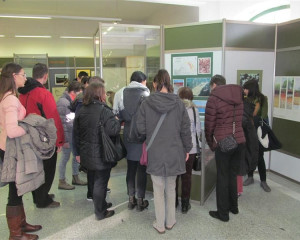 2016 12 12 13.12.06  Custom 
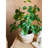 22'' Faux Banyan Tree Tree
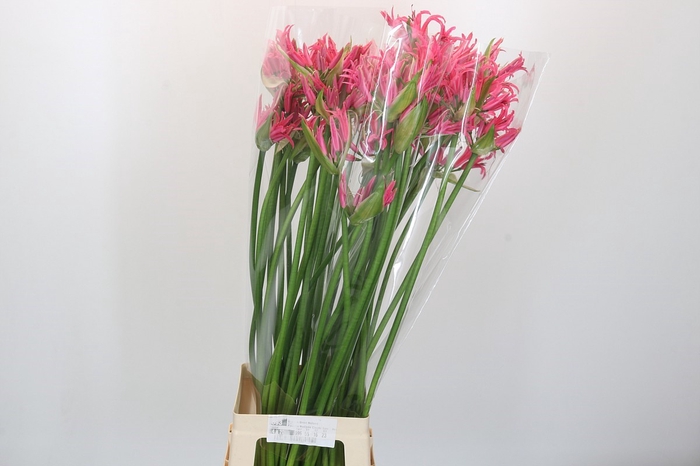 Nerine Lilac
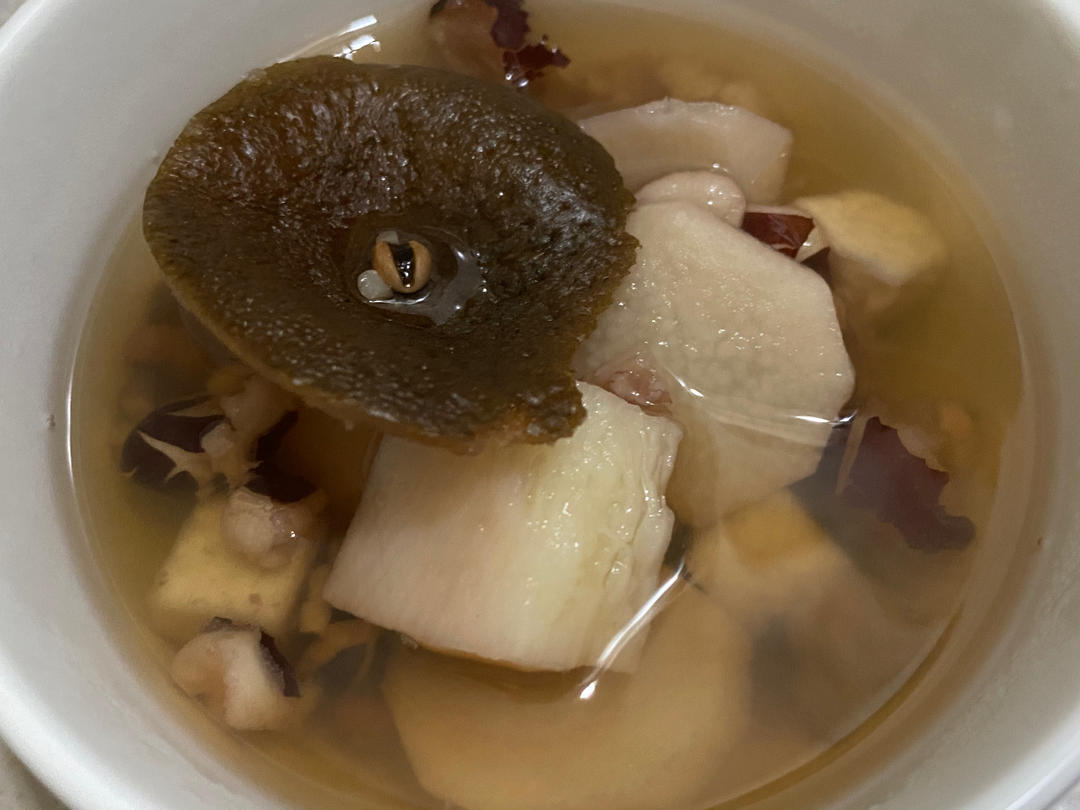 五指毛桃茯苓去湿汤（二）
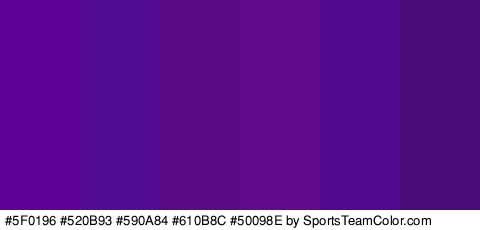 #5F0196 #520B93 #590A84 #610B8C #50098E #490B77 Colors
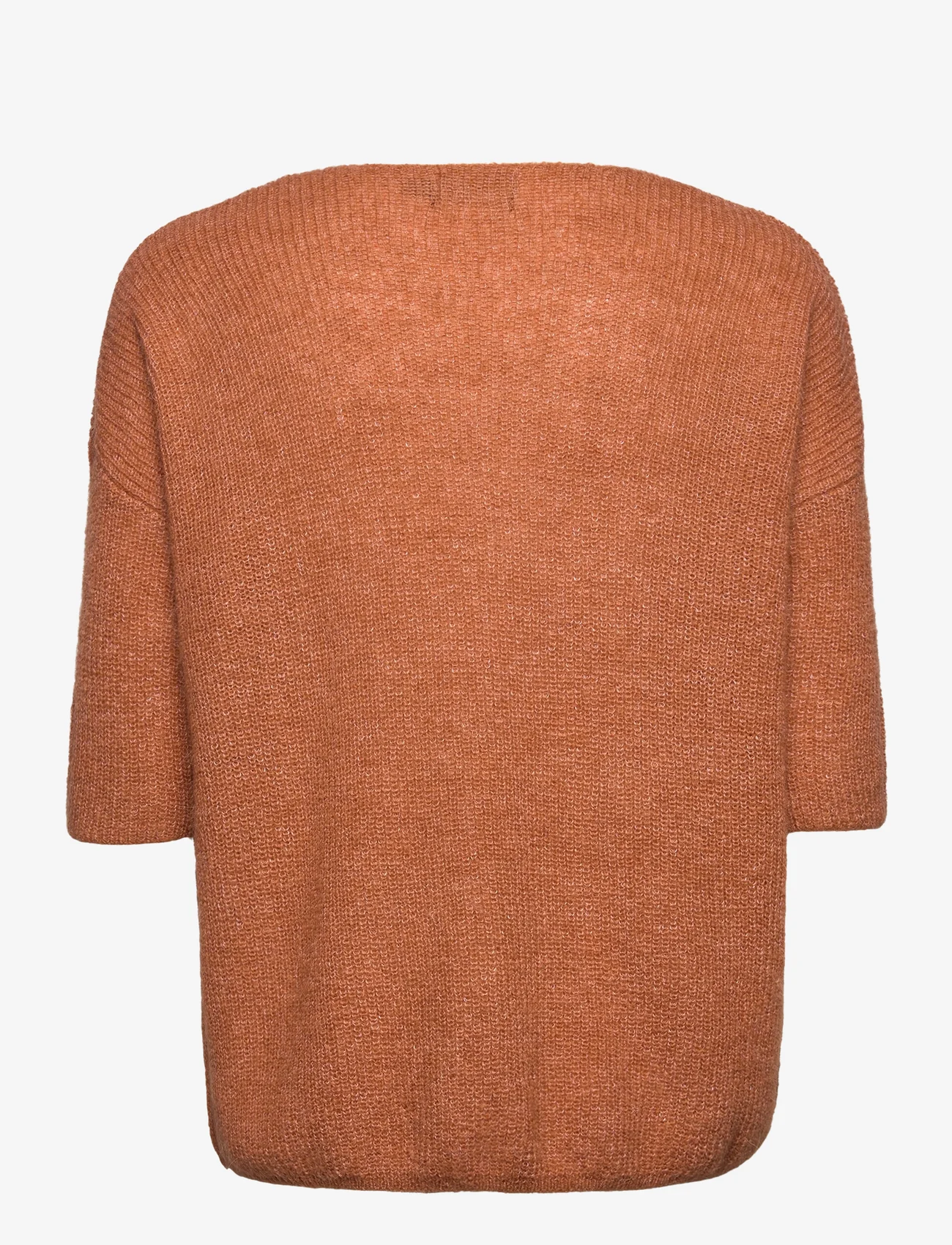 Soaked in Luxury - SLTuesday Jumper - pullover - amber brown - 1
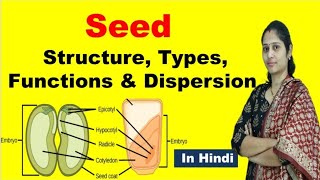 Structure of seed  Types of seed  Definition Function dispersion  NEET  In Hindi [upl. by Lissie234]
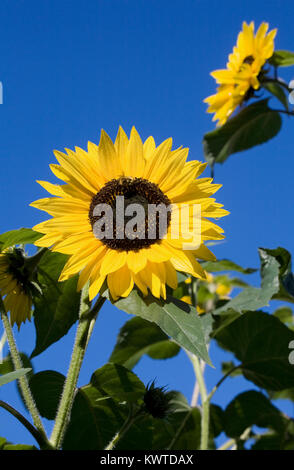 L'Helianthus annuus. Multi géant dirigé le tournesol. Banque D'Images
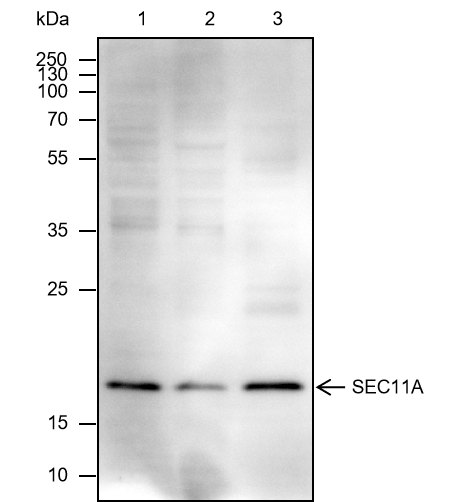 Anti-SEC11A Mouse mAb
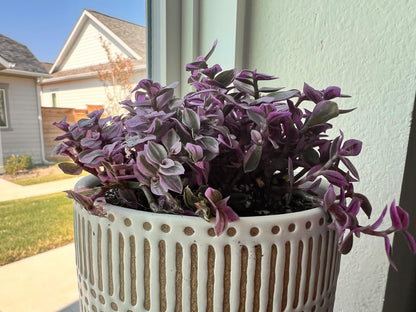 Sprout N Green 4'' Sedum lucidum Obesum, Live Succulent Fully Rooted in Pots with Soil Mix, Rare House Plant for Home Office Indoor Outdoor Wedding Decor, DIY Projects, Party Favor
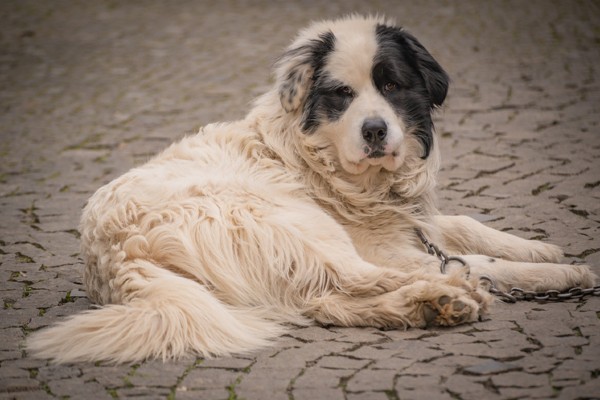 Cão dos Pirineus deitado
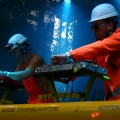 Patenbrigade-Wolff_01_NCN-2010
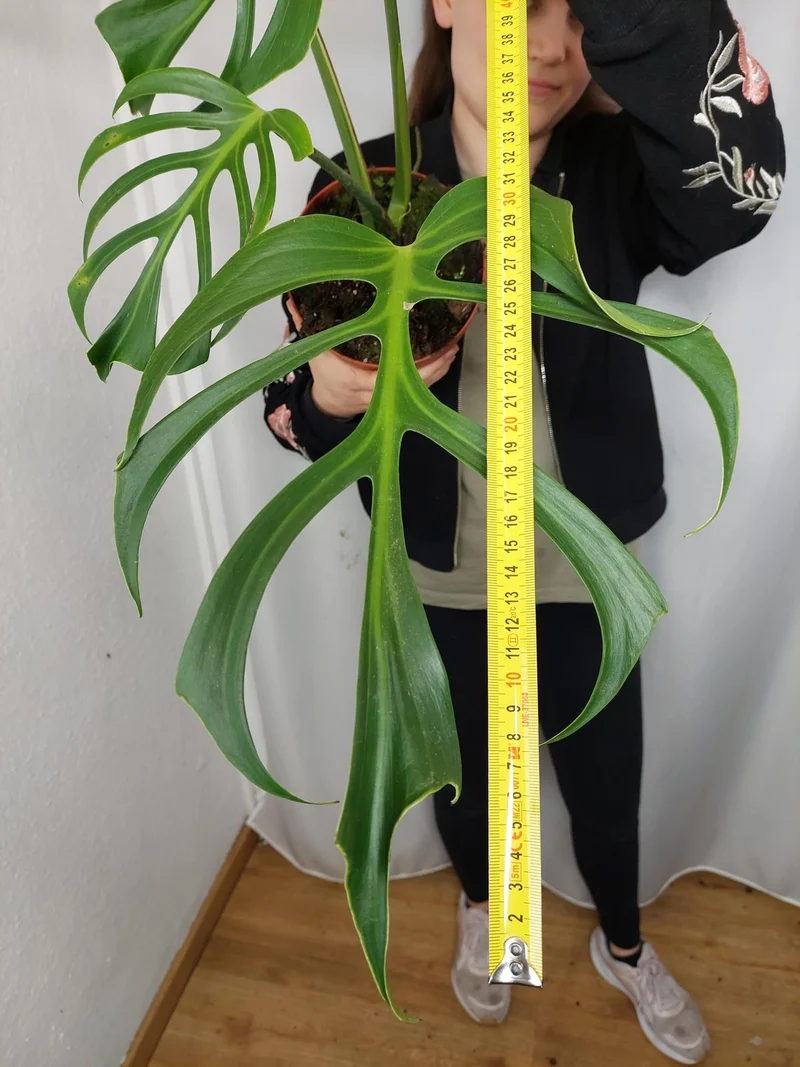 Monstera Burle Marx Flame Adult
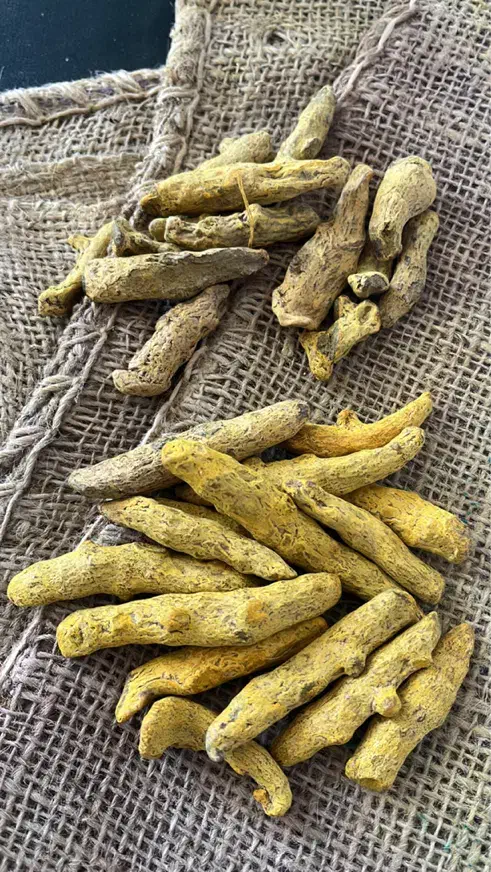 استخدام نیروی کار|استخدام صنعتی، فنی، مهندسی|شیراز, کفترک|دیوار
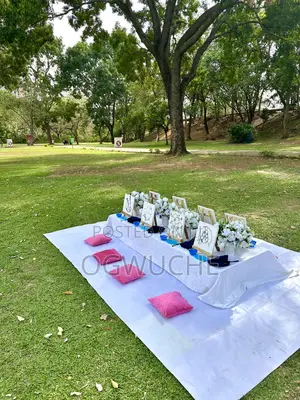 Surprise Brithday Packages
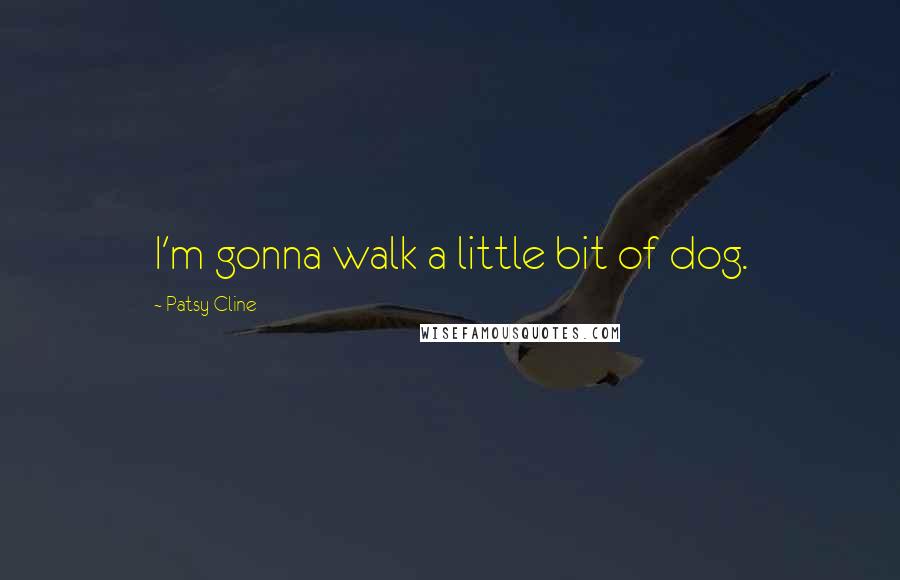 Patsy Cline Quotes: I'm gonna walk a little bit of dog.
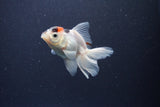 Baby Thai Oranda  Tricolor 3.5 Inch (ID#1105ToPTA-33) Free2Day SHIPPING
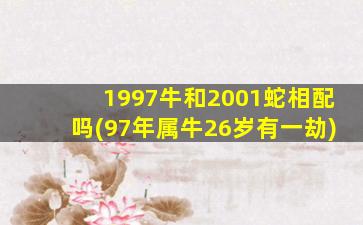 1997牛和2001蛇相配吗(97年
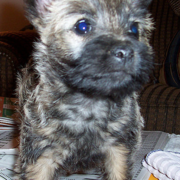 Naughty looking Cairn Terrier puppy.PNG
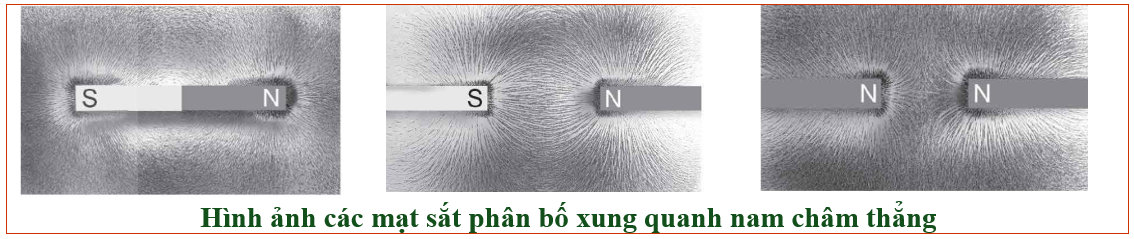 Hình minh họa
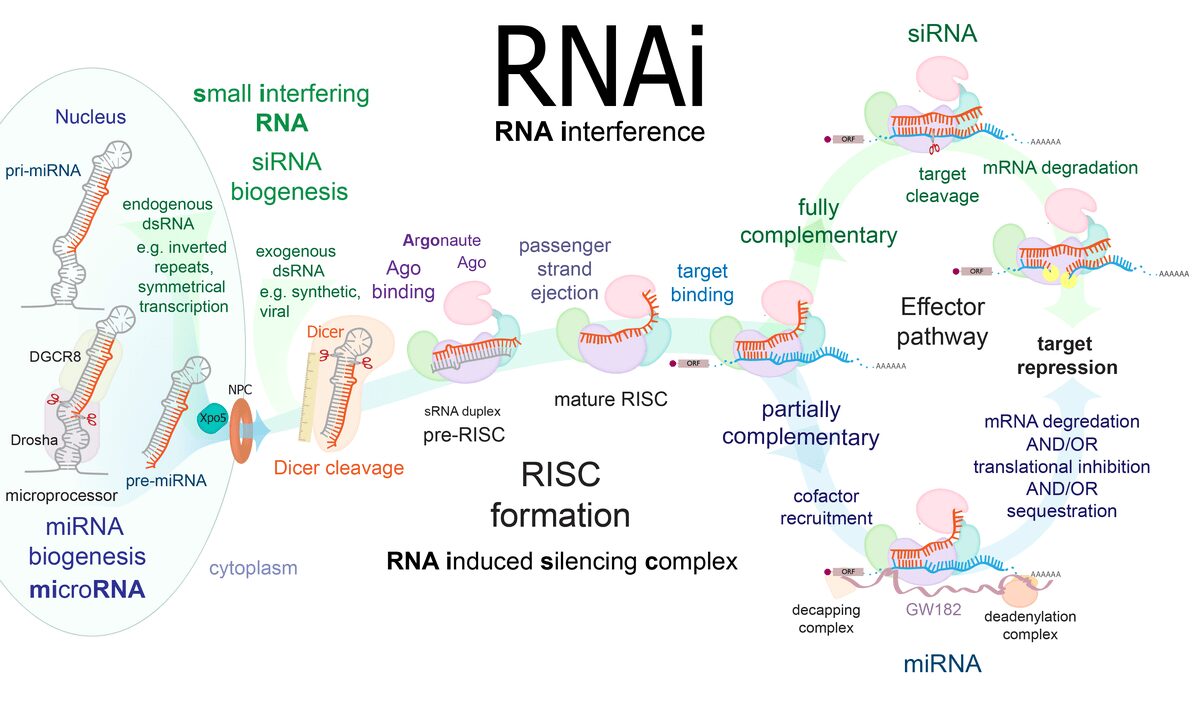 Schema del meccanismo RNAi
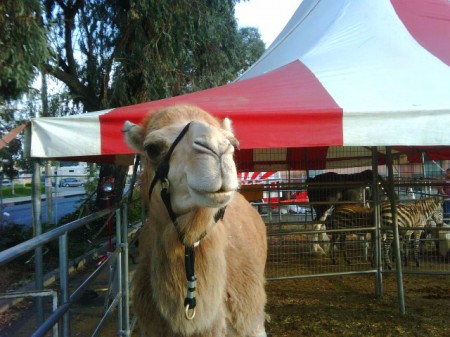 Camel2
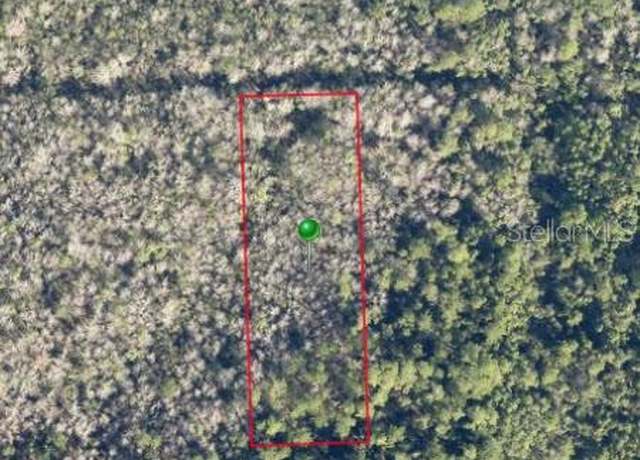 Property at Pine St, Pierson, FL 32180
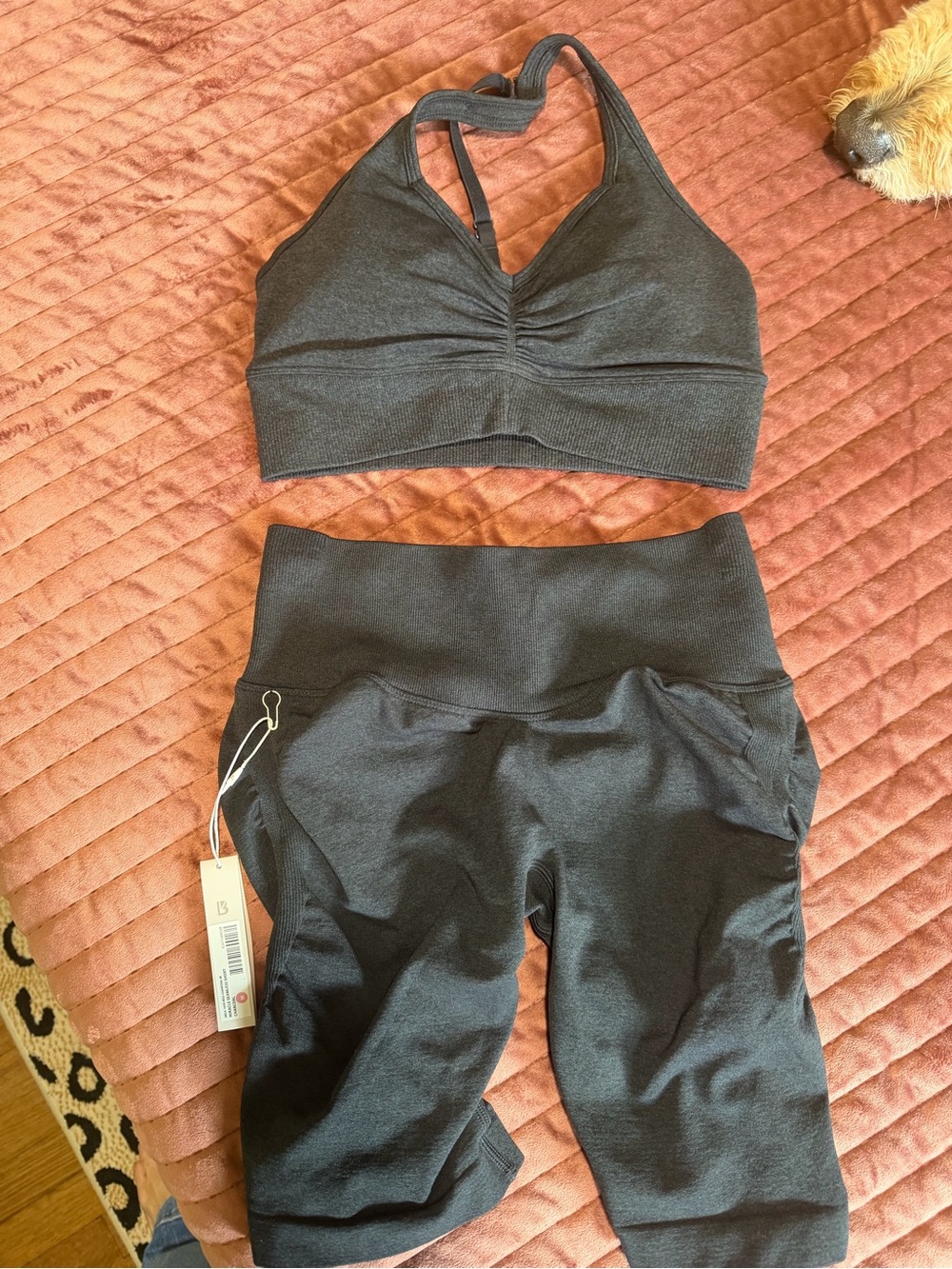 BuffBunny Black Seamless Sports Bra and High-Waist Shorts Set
┄┄┄┄┄┄
Give the data again exactly. Keep the images out.

◆ TASK RESPONSE ◆
 2016 12 12 13.12.06  Custom 
 22'' Faux Banyan Tree Tree
 Nerine Lilac
 五指毛桃茯苓去湿汤（二）
 #5F0196 #520B93 #590A84 #610B8C #50098E #490B77 Colors
 Soaked in Luxury - SLTuesday Jumper - pullover - amber brown - 1
 Structure of seed  Types of seed  Definition Function dispersion  NEET  In Hindi [upl. by Lissie234]
 L'Helianthus annuus. Multi géant dirigé le tournesol. Banque D'Images
 Anti-SEC11A Mouse mAb
 Sprout N Green 4'' Sedum lucidum Obesum, Live Succulent Fully Rooted in Pots with Soil Mix, Rare House Plant for Home Office Indoor Outdoor Wedding Decor, DIY Projects, Party Favor
 Cão dos Pirineus deitado
 Patenbrigade-Wolff_01_NCN-2010
 Monstera Burle Marx Flame Adult
 استخدام نیروی کار|استخدام صنعتی، فنی، مهندسی|شیراز, کفترک|دیوار
 Surprise Brithday Packages
 Patsy Cline Quotes: I'm gonna walk a little bit of dog.
 Baby Thai Oranda  Tricolor 3.5 Inch (ID#1105ToPTA-33) Free2Day SHIPPING
 1997牛和2001蛇相配吗(97年
 Naughty looking Cairn Terrier puppy.PNG
 Hình minh họa
 Schema del meccanismo RNAi
 Camel2
 Property at Pine St, Pierson, FL 32180
 BuffBunny Black Seamless Sports Bra and High-Waist Shorts Set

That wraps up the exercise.